THE TASK:
From the line containing "Aukcja sprzedaży 2007" to the line containing "TNOMS Matte Black" in the records below, set down every line exactly as it stands, both ends included, and skip the pictures.

INFORMATION GIVEN:
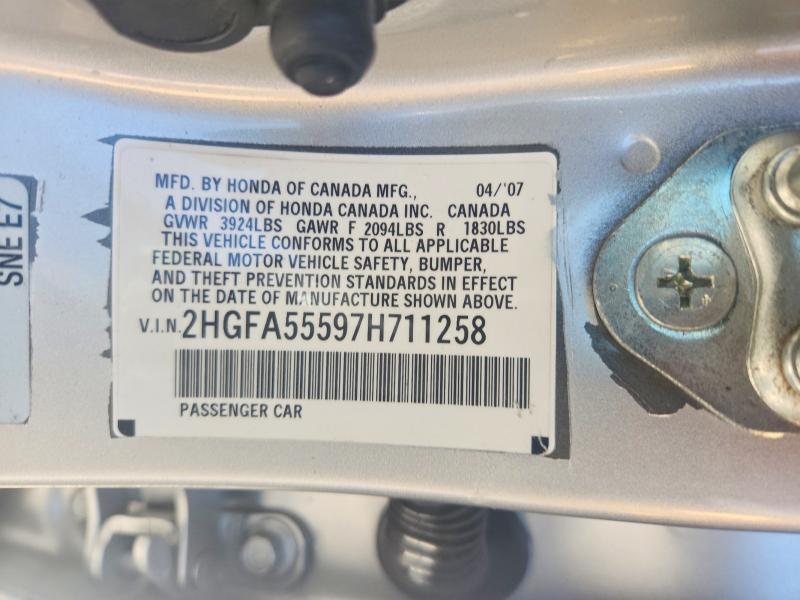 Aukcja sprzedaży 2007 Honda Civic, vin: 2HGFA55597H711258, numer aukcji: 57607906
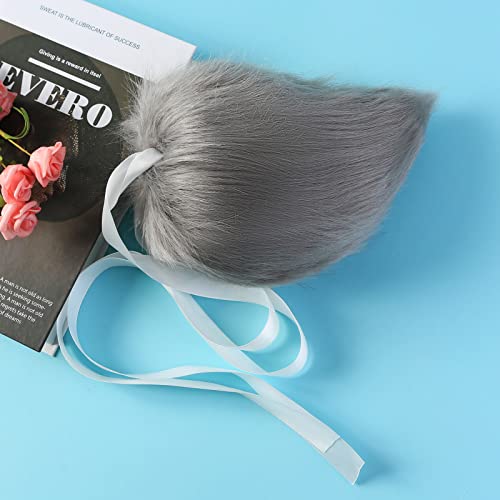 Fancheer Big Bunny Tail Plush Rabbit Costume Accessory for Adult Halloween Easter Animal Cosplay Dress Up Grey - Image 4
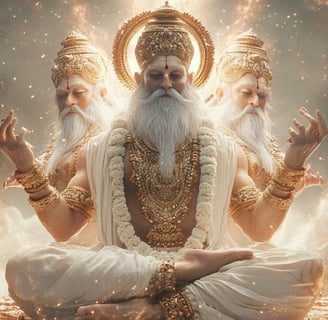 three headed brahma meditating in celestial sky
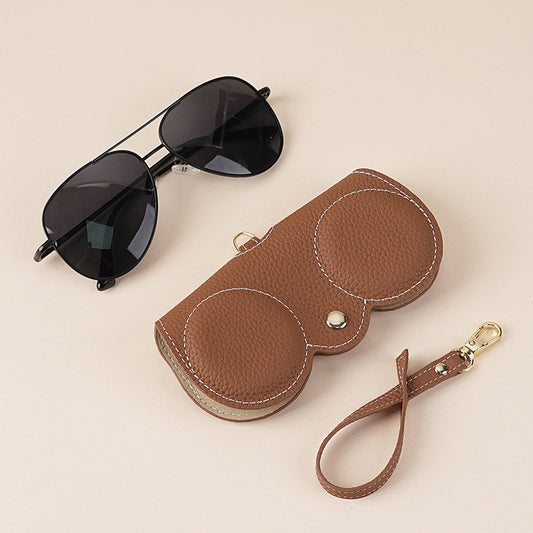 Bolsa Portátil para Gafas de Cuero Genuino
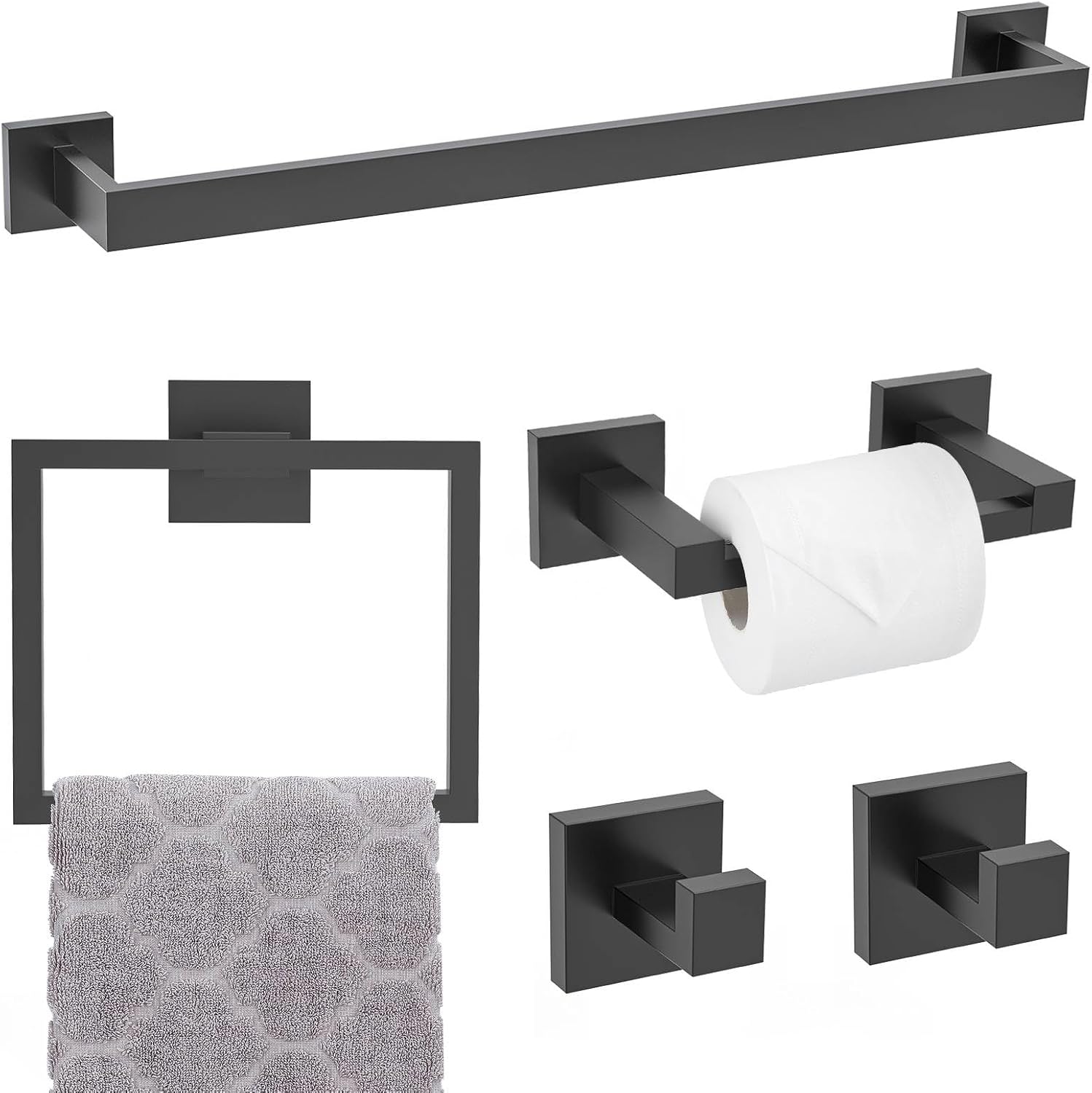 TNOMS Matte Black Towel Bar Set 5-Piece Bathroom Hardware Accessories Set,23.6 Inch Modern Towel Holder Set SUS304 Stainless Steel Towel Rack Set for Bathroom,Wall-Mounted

...

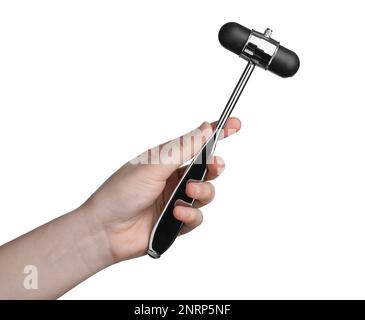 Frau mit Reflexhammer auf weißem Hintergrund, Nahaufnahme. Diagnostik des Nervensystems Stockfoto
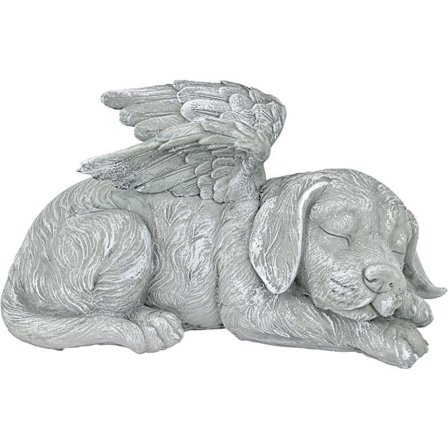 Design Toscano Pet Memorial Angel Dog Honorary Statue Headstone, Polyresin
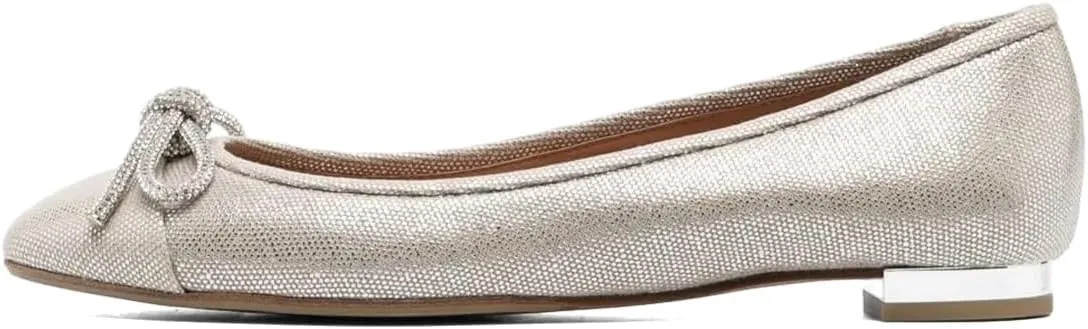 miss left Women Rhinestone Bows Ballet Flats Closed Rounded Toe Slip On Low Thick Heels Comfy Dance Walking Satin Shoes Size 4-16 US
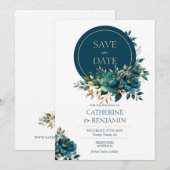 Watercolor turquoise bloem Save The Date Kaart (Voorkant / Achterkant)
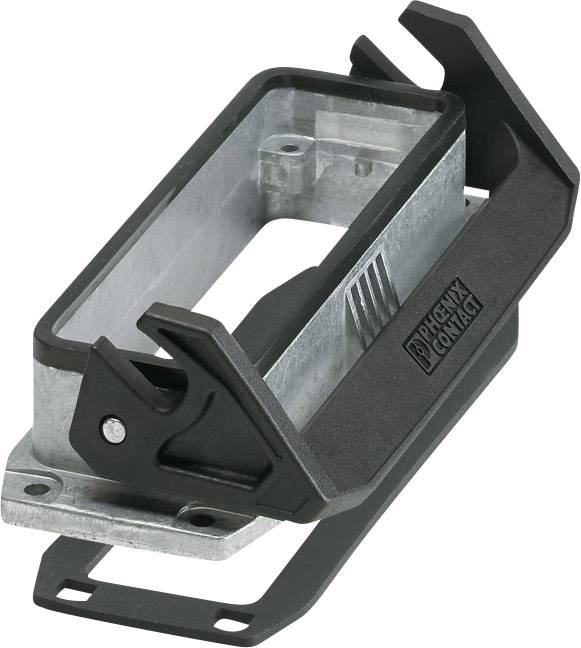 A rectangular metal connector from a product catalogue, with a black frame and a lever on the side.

ANSWER AREA:
 Aukcja sprzedaży 2007 Honda Civic, vin: 2HGFA55597H711258, numer aukcji: 57607906
 Fancheer Big Bunny Tail Plush Rabbit Costume Accessory for Adult Halloween Easter Animal Cosplay Dress Up Grey - Image 4
 three headed brahma meditating in celestial sky
 Bolsa Portátil para Gafas de Cuero Genuino
 TNOMS Matte Black Towel Bar Set 5-Piece Bathroom Hardware Accessories Set,23.6 Inch Modern Towel Holder Set SUS304 Stainless Steel Towel Rack Set for Bathroom,Wall-Mounted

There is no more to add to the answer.